Nuria Cerolas, 45 Jahre, ist Viehzüchterin und lebt in Puértolas im Landkreis Sobrarbe (Huesca). Sie und ihr Ehemann verbringen die meiste Zeit im Jahr ohne Kontakt zur Außenwelt: „Allein zu sein, ohne Nachbarn, die einem helfen können, ist nicht leicht“. Mit ihren zwei Viehzuchtbetrieben konnte sie sich während der Ausgangssperre ein „normales Leben leben, als sei gar nichts passiert“ und sich um ihre Tiere kümmern. So konnte sie auch ihre Nachbar*innen unterstützen, die angesichts eines längeren Lockdowns bereits im März, früher als gewohnt, im Dorf angekommen waren. Von allen pandemiebedingten Veränderungen erwies sich die Bürokratie, zum Beispiel die An- und Abmeldung von Tieren, als am aufwendigsten: „Früher gingen wir zum Veterinäramt in Boltaña, wo das Verwaltungspersonal diese Arbeit erledigte“. Jetzt geschieht alles online, „und ich komme mit dem Computer nur schlecht zurecht, aber es muss ja gemacht werden“. Bei den Online-Behördengängen kämpft sie mit einer Internetverbindung, die zwar „normalerweise stabil ist, aber manchmal beschädigen Windstrürme oder Starkregen die Empfangstürme und wir sind einige Tage lang ohne Internet oder andere Kommunikationsmöglichkeiten“. Das größte Problem sieht sie in der medizinischen Versorgung. „Wir werden von der Landkreisverwaltung, den Krankenhäusern und im Hinblick auf die medizinische Grundversorgung sehr vernachlässigt“, erklärt sie und erinnert sich daran, dass eine medizinischen Untersuchung für ihren Ehemann schon zweimal verschoben wurde. Nuria denkt nicht daran, aus Puértolas wegzuziehen. „Nur wenn ich im Rollstuhl sitzen müsste, denn die Straßen hier sind sehr steil. Der Ort ist nicht für ein Leben im Rollstuhl gemacht.“
Pablo Parra sagt, dass er während der Ausgangssperre zum ersten Mal seit vielen Jahren wieder mehr als 15 Tage hintereinander in seinem Bett geschlafen habe. Der aus Buenos Aires stammende Buchhändler lebt schon lange genug in Gurrea de Gállego, um den Ort als seine Heimat zu betrachten. Er ist der Inhaber der Online-Buchhandlung Prólogo, die sich auf den An- und Verkauf von antiken Büchern spezialisiert hat. Er betreibt keinen Geschäftsraum und arbeitet auf Messen, die wenigen jedoch, die diesen Sommer stattfanden, „liefen sehr schwach, wie ich gehört habe“. Was die Arbeit angeht, hat ihm die Ausgangssperre zu denken gegeben: „Durch sie habe ich mich Projekten gewidmet, die lange auf Eis lagen, wie zum Beispiel die Idee, einen kleinen Verlag zu gründen, der Werke von Autoren und Denkern aus dem 19. Jahrhundert neu verlegt. Angesichts der gegenwärtigenKrise und derjenigen von 2008 sowie dem unfairenWettbewerb, der kleine Buchhandlungen wie seine unter Druck setzt, meint er: „Unser Berufsstand geht unter und im Antiquariatsbereich fehlt der Nachwuchs“.

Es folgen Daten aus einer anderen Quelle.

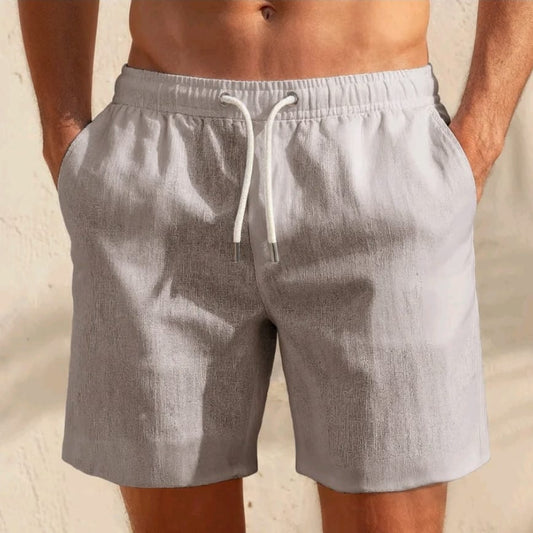Kit Shorts Masculino Linho - Monte Seu Guarda-Roupa de Verão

„Diejenigen von uns, die an vorderster Front standen (und stehen), waren sich bewusst, nicht wirklich zu wissen, was gerade geschah.“ Alba Soilán ist Krankenschwester am Hospital Clínico in Madrid. Anfang September sah sie, wie sich die Hauptstadt bereits wieder auf die aktuelle Situation zubewegte. Sie warnt vor der psychischen Erschöpfung, an dem ihr Berufsstand leidet und bemerkt: „Wir brauchen ausgeruhtes Personal, eines, das nicht psychisch am Ende ist“, denn „der Arbeitsalltag laugt uns aus, das Pensum ist zu hoch“ in den Berufszweigen, die aufgrund der Pandemie besonders gefordert sind. Andererseits „kann man sich auf eine solche Pandemie gar nicht vorbereiten, auf Tage, an denen zehn Patienten sterben, während man Dienst hat. Niemand ist darauf vorbereitet“.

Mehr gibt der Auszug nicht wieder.